QUOTE(pidah @ Nov 3 2006, 05:59 PM)
FYI, your culculation is too straight forward.
as i mention on my previous post....
3 type of source of return from UT which are:1. The rise in unit price (We call it capital appreciation)
2. The annual dividen/distribution/bonus declared
3. The unit split declared. Switch from one fund to another whenever there is dividend or split unit to be announced, so that it can maximize the ROI
Of course at one point of time, once the item 2 and 3 declared, there is no value added, but once the unit price increase.., the value RM will definitely increase..
Why hundreds of million has been lost in unit trust as reported in the newspaper?
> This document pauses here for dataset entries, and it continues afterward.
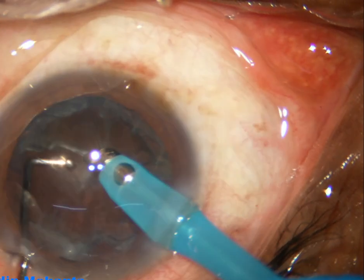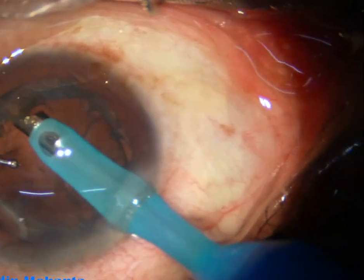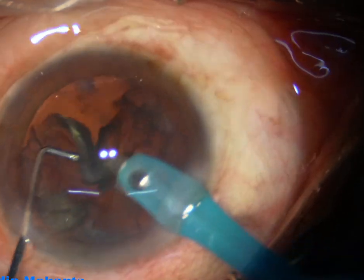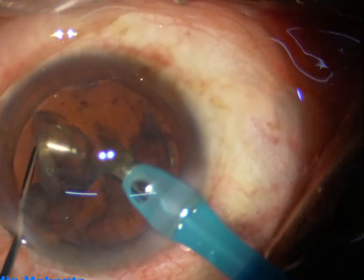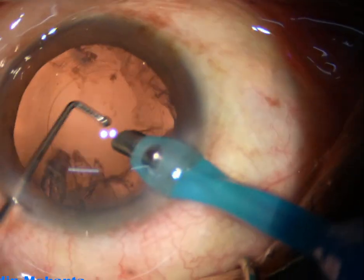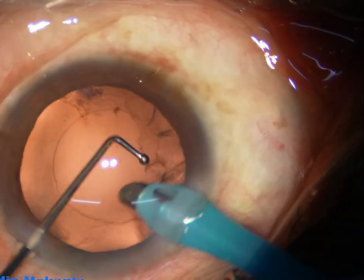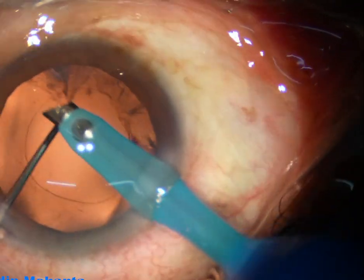Now this piece — how to get this — it's very difficult. Just hold the edge of the epinucleus and use the ball-tipped chopper to remove it. Most of the cortex has been removed by the phaco handpiece itself.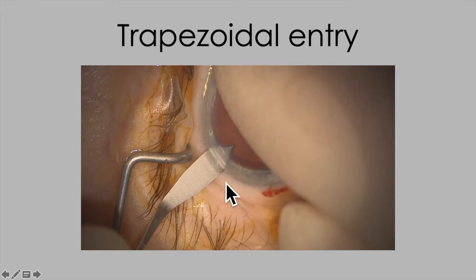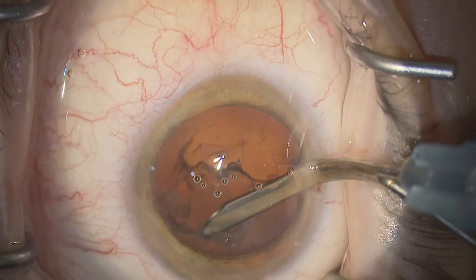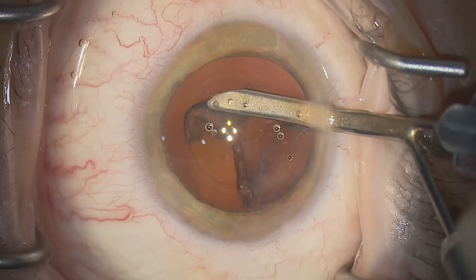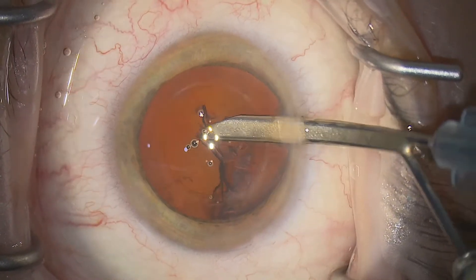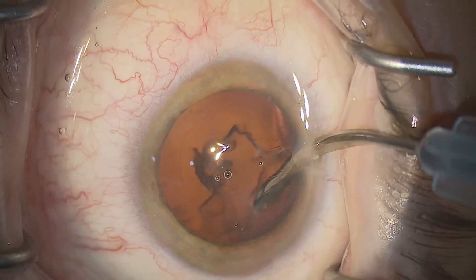Now why is that? A lot of people use MVR blades or even 15-degree blades to do this, but the thing I like about the keratome — let's just zoom in on that now — is that it gives you a trapezoidal entry. We're superimposing that pattern there, and the importance of this is that it allows you freedom of movement to rotate the eye and swing it about in the anterior chamber without stretching the entry site. Less stretch equals better sealing function and less need for wound hydration at the end of surgery.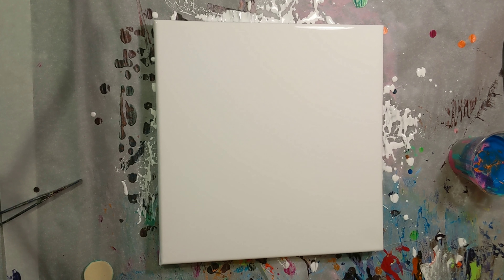Hey everyone, it is the Charming Giraffe and we are here to do another painting today. Today's painting is on a 12 by 12 canvas and we already have a base coat of white down. I think this time we're just going to do a traveling tree ring pour.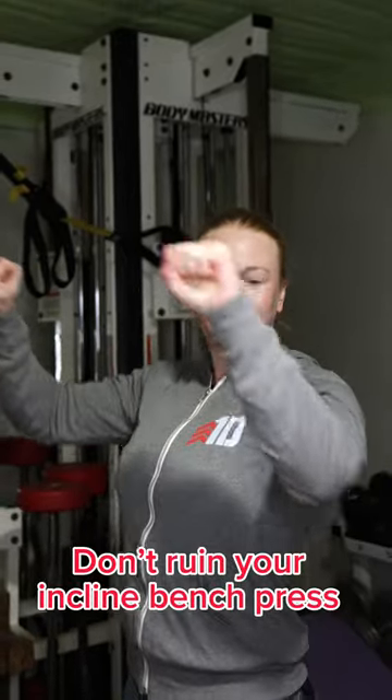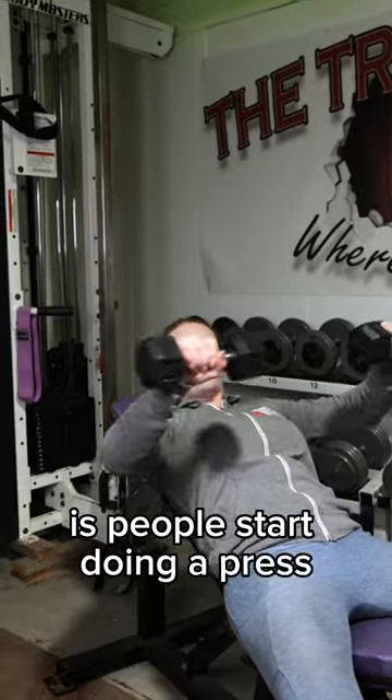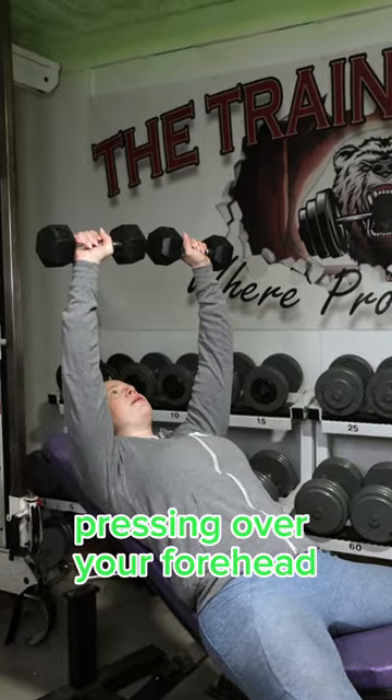Are you taking the incline out of your incline press? What I often see happen is people start doing a press just as if they were on the flat bench. You want to make sure you're targeting the upper part of your chest and pressing up, kind of right by your forehead.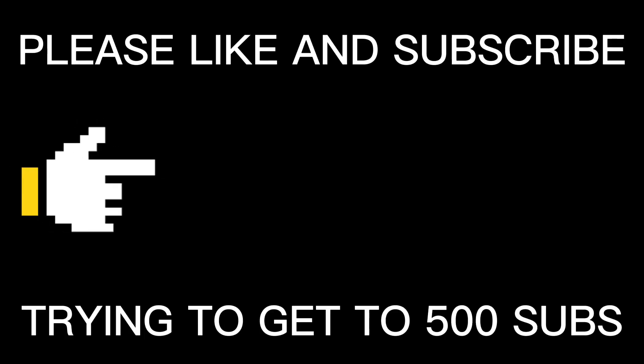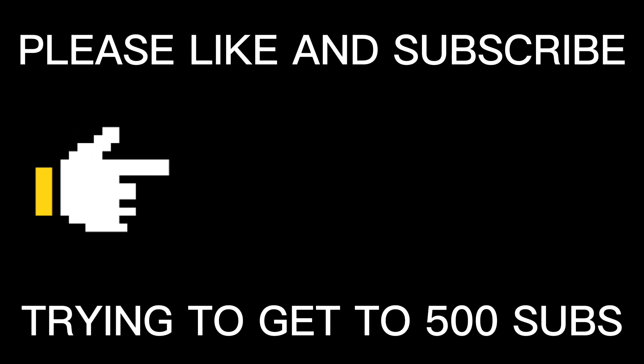Thank you guys for watching and I hope you guys enjoyed the video. If you did, make sure to like and subscribe. See you guys next time!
There is a few reasons why this thing happen
1. The fund they invest not really perform
2. They got a lazy ass fund manager
3. The company they invested in, holds small fund size.
4. Inexperience fund manager. For example; the fund manager put all the money in equity fund which is high risk fund without diversified the investments OR just leave the money fluctuate without do any proper switching method,
* Public Mutual only imposed the service charge once, on your initial/first investment. After that only management fees 1.5% perannum
The percentage returns was taken from their financial report. Since I'm not able to find out all those details such as splits and all. I've taken their own return of investment figure as calculation. It's accurate as they've
taken account unit splits, distribution and rise as well as rise in unit price.
For eg 2006:-
1. Total returns of the Fund is derived by this formulae:
End of Period FY2006 Bid Price - 1 = 4.78%
_________________________
End of Period FY2005 Bid Price
(Adjusted for unit split and distribution paid out for the period)* Public Mutual only imposed the service charge once, on your initial/first investment. After that only management fees 1.5% perannumYes I've taken that into account, although I have to correct myself on imposing service charge twice. Still my point is, NETT RETURNS is a more important figure than what the returns the mutual funds tell you. An 11% average return yields only 7%++ when you talk about NETT RETURNS in 3 years. A big sum of profit goes into financing the management of the funds. And the thing is, even if the fund is losing, you STILL have to pay management fee further adding salt to the wound. It also means that the mutual fund charges you a fee even if the fund is not performing at all.
Somehow the risk vs returns is not worth it, at least for me or maybe at least for majority of the mutual funds in malaysia.